$30
1. Overview of the Assignment
In assignment 1, you will work on three tasks. The goal of these tasks is to get you familiar with Spark operation types (e.g., transformations and actions) and explore a real-world dataset: Yelp dataset (https://www.yelp.com/dataset).
If you have questions about the assignment, please ask on the Piazza, which will also help other students.
You only need to submit on the Vocareum, NO NEED to submit on the Blackboard.
2. Requirements
2.1 Programming Requirements
a. You must use Python to implement all tasks. You can only use standard python libraries (i.e., external libraries like numpy or pandas are not allowed). There will be 10% bonus for each task if you also submit a Scala implementation and both your Python and Scala implementations are correct.
b. You are required to only use Spark RDD in order to understand Spark operations. You will not get any point if you use Spark DataFrame or DataSet.
2.2 Programming Environment
Python 3.6, JDK 1.8, Scala 2.11, and Spark 2.4.4
We will use these library versions to compile and test your code. There will be no point if we cannot run your code on Vocareum.

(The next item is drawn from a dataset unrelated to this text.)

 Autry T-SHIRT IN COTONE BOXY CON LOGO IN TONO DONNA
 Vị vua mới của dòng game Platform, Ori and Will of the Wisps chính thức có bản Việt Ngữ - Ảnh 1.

On Vocareum, you can call `spark-submit` located at `/home/local/spark/latest/bin/spark-submit`. (Do not use the one at /usr/local/bin/spark-submit (2.3.0)). We use `--executor-memory 4G --driver-memory 4G` on Vocareum for grading.
2.3 Write your own code
Do not share code with other students!!
For this assignment to be an effective learning experience, you must write your own code! We emphasize this point because you will be able to find Python implementations of some of the required functions on the web. Please do not look for or at any such code!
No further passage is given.